___ Provided material ___
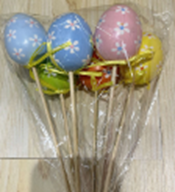 6 Pack Plastic Multicolor Eggs on Stick, 6cm (80 bags/ctn)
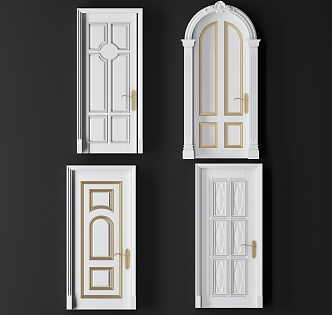 European-style swing door 3d model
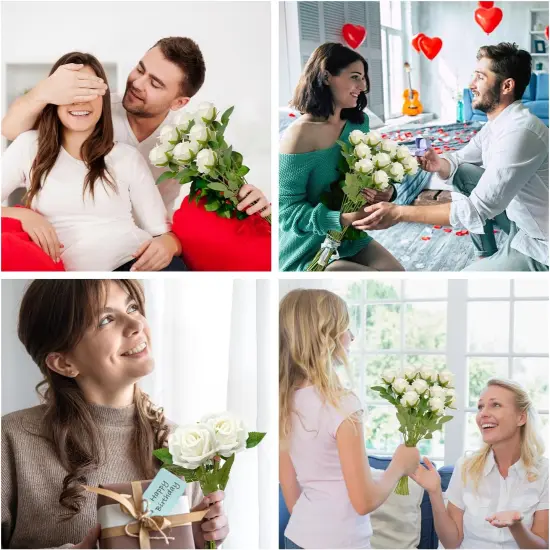 Fake Velvet Silk White Roses with Long Stems Realistic Bouquet for Wedding Centerpieces {5}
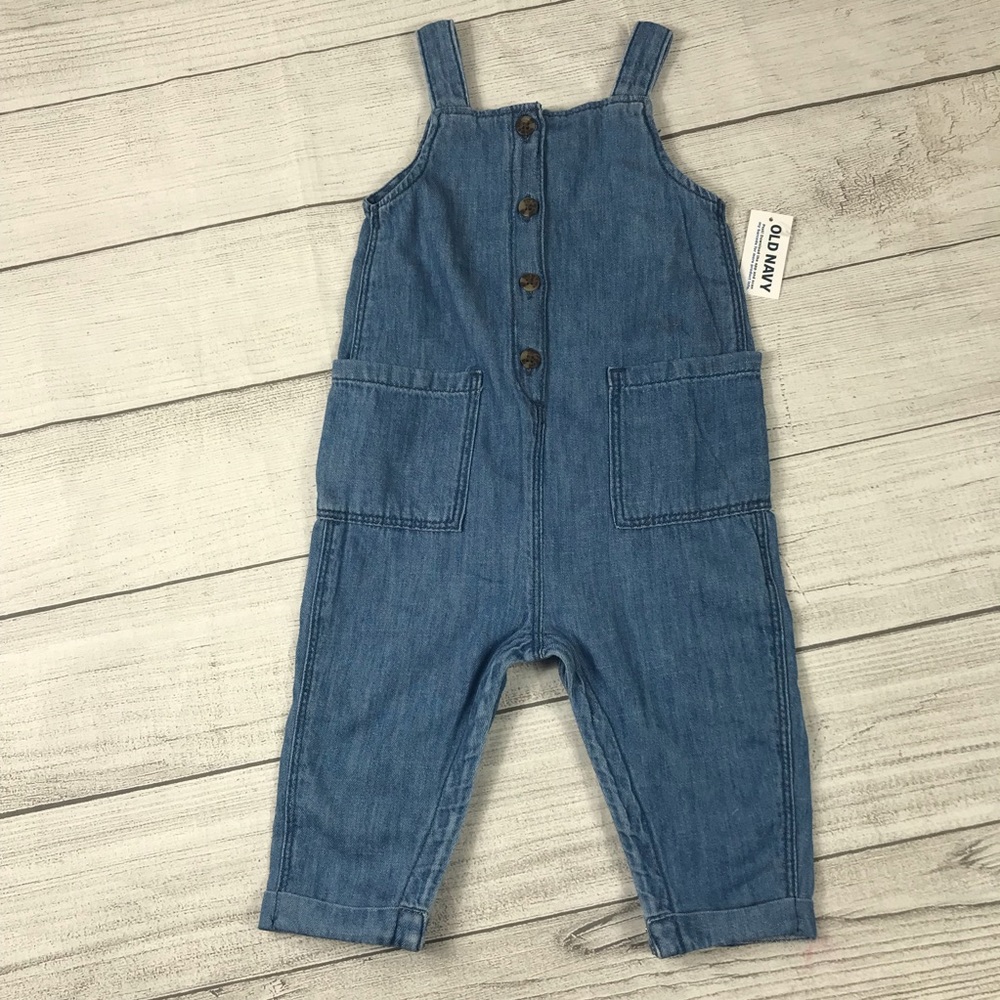 Old Navy Light Weight Long Denim Coveralls Sz 12-18 Mos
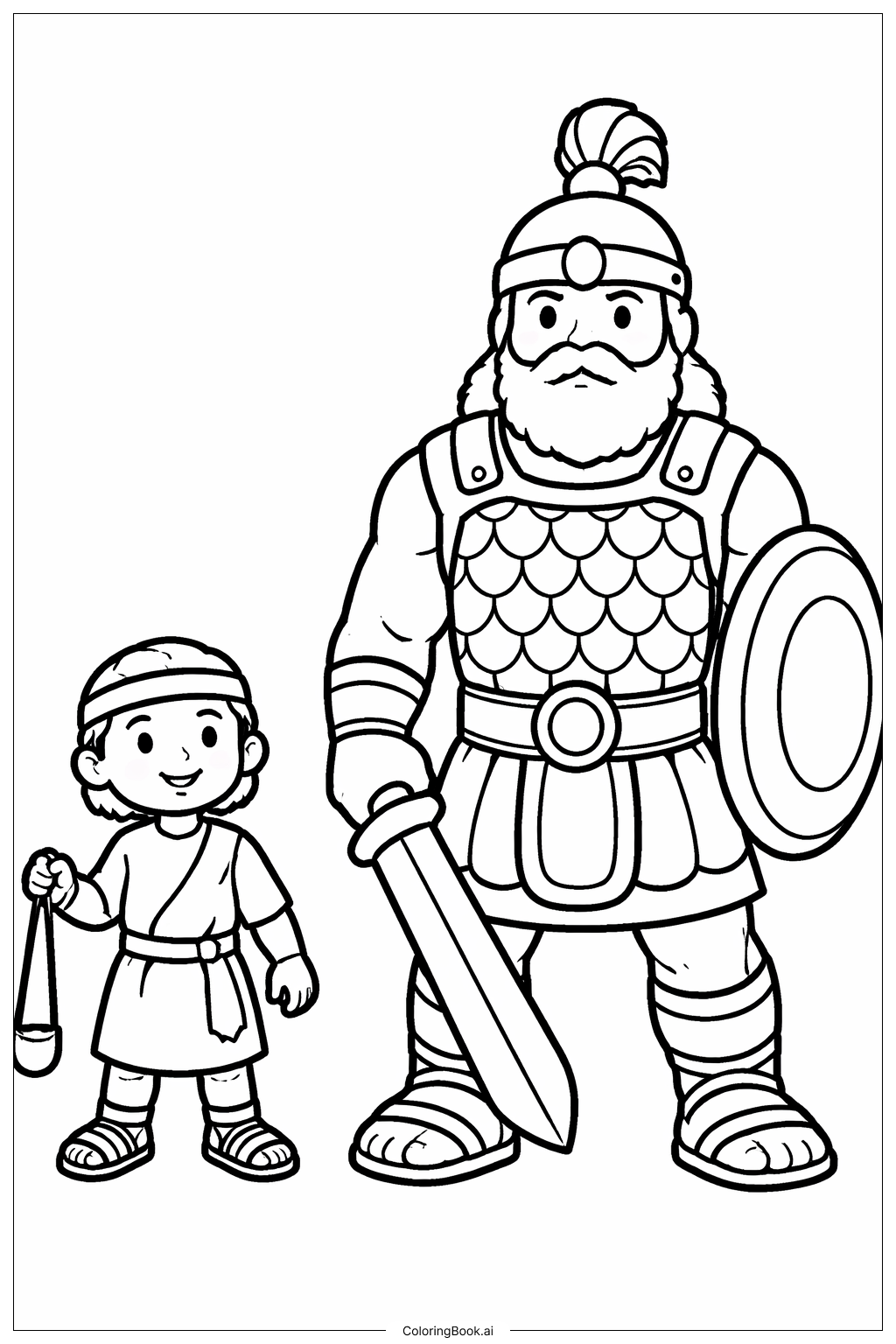  ダビデとゴリアテの正面図の塗り絵ページ 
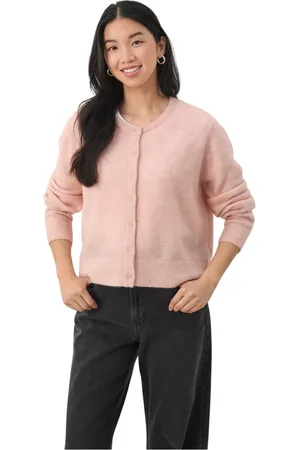 Part Two Strik, Dame, Lyserød, XL, Uld, Strikket Cardigan Sølv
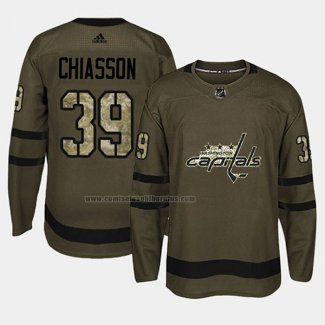 Camiseta Hockey Washington Capitals Alex Chiasson 2018 Salute To Service Verde Militar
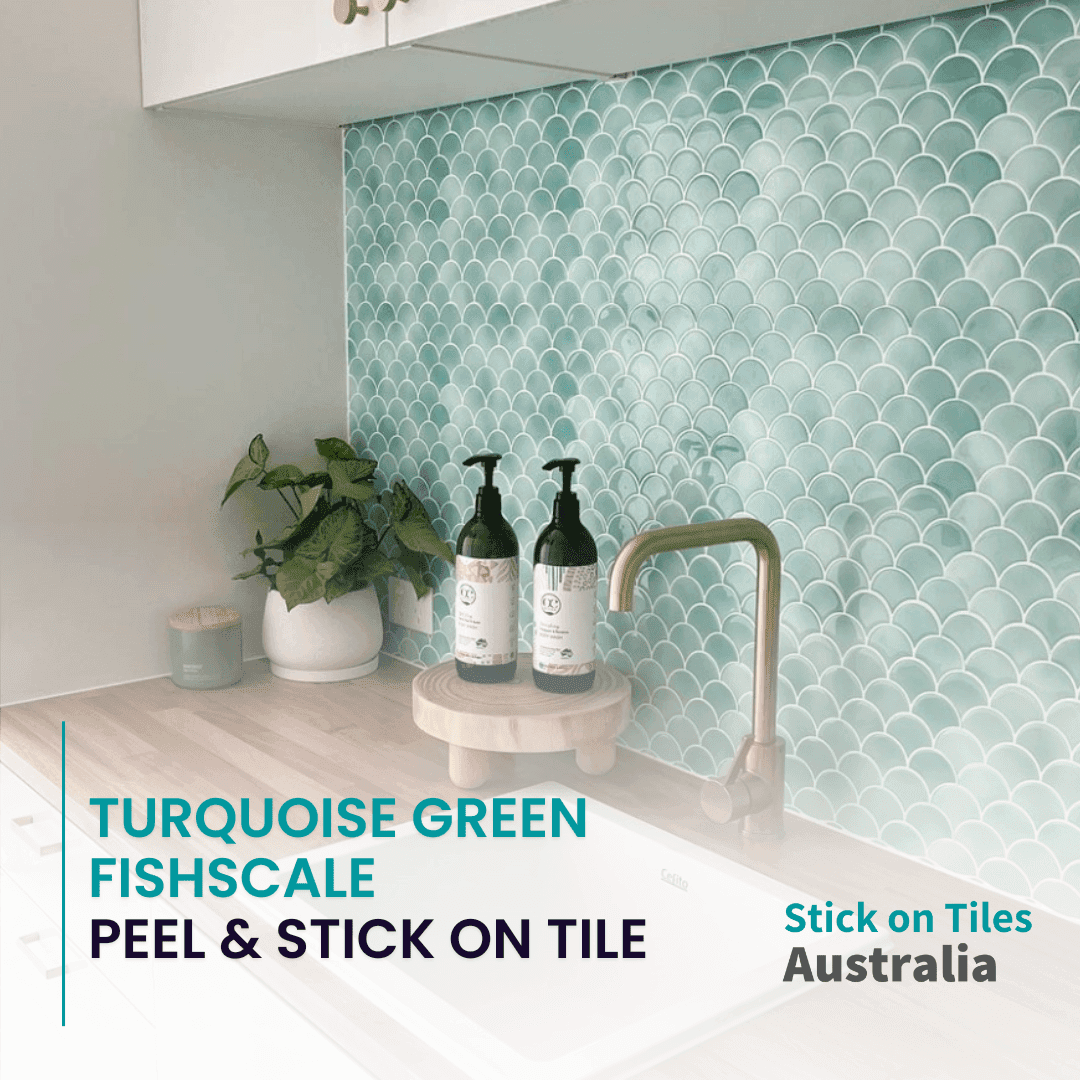 Fish Scale Stick on Tile - Turquoise - Stick on Tiles AustraliaStick on Tiles Australia
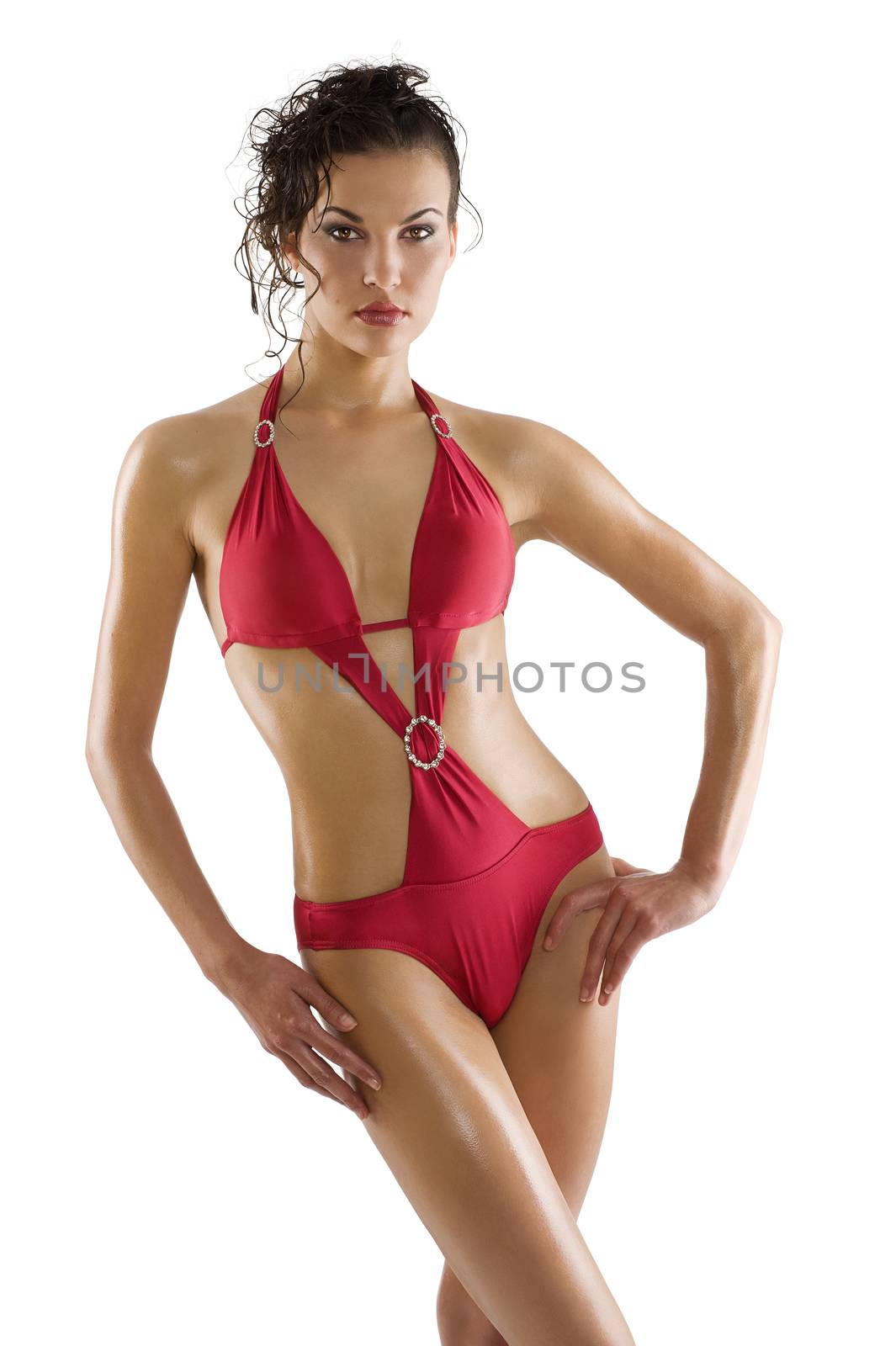 girl with red swimsuit by fotoCD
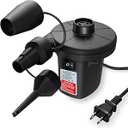 MAXEVER QuickFill Electric Air Pump with 3 Nozzles, AC 110V120V Portable Inflator Deflator for Inflatables Pool Float Toys Air Mattress Bed Couch Swim Ring Tube Raft, Black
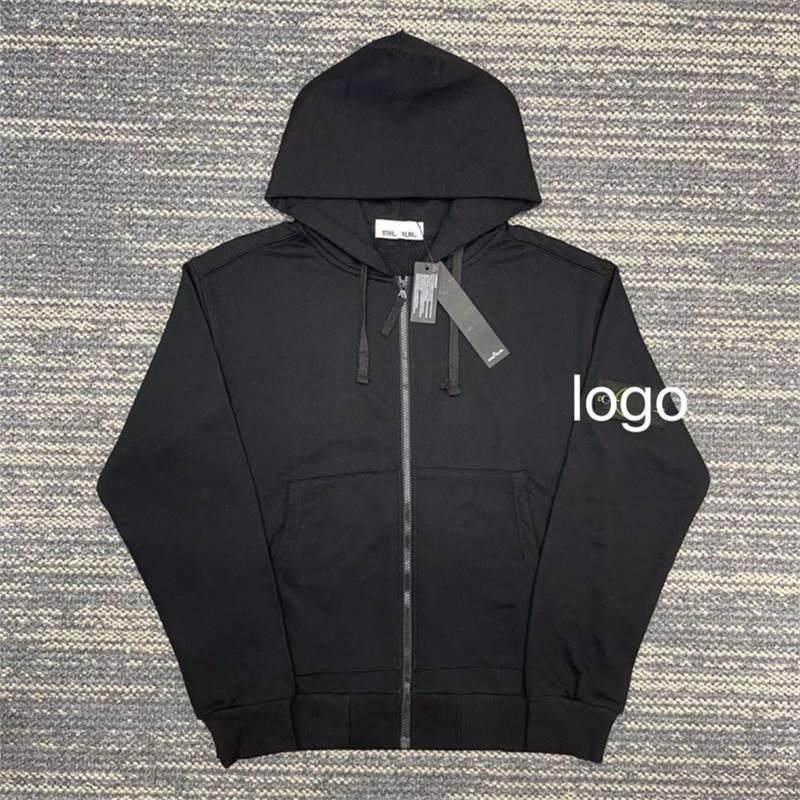 Унисекс Осенне-Зимняя Куртка-Толстовка с Капюшоном на Молнии с Нашивками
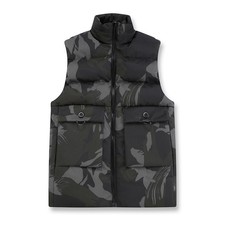 Herren warm halten Gepolsterte Weste Große Größe Herbst Volltonfarbe ärmellose Jacke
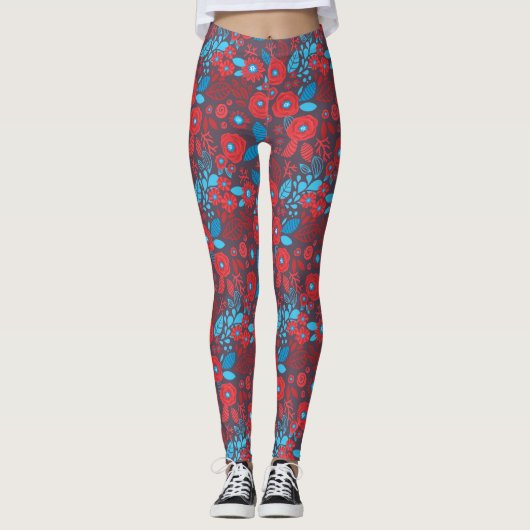 Leggings Modèle floral de Doodle (Devant)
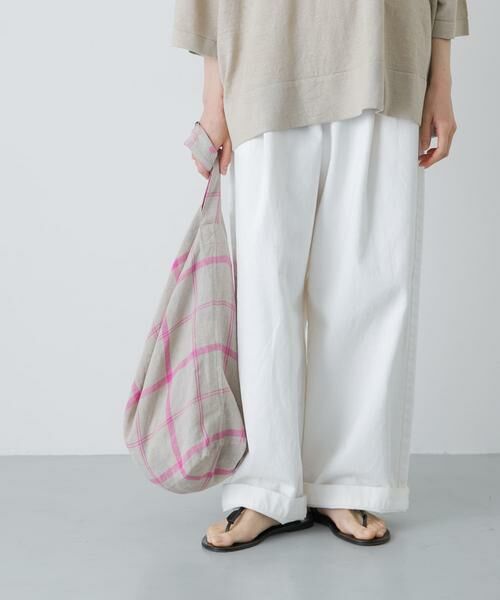 かぐれ / かぐれ ショルダーバッグ | リネンチェックショルダーバッグ | 詳細1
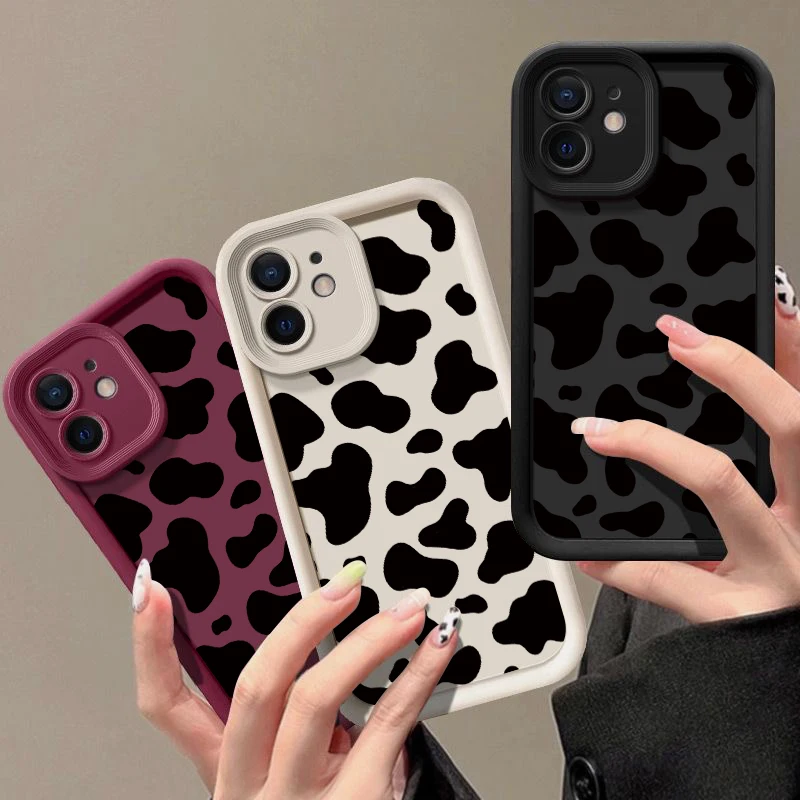 Shockproof Milk Cow Spots Case For iPhone 16 Pro Max Luxury Soft Silicone Bumper Cover Coque For iPhone 13 14 15 Pro Max 12 11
___
An exact copy of the lines above, from the first through the line that holds "Camiseta Hockey Washington", is what is needed; leave the pictures out.

**Exercise output:**
 6 Pack Plastic Multicolor Eggs on Stick, 6cm (80 bags/ctn)
 European-style swing door 3d model
 Fake Velvet Silk White Roses with Long Stems Realistic Bouquet for Wedding Centerpieces {5}
 Old Navy Light Weight Long Denim Coveralls Sz 12-18 Mos
  ダビデとゴリアテの正面図の塗り絵ページ 
 Part Two Strik, Dame, Lyserød, XL, Uld, Strikket Cardigan Sølv
 Camiseta Hockey Washington Capitals Alex Chiasson 2018 Salute To Service Verde Militar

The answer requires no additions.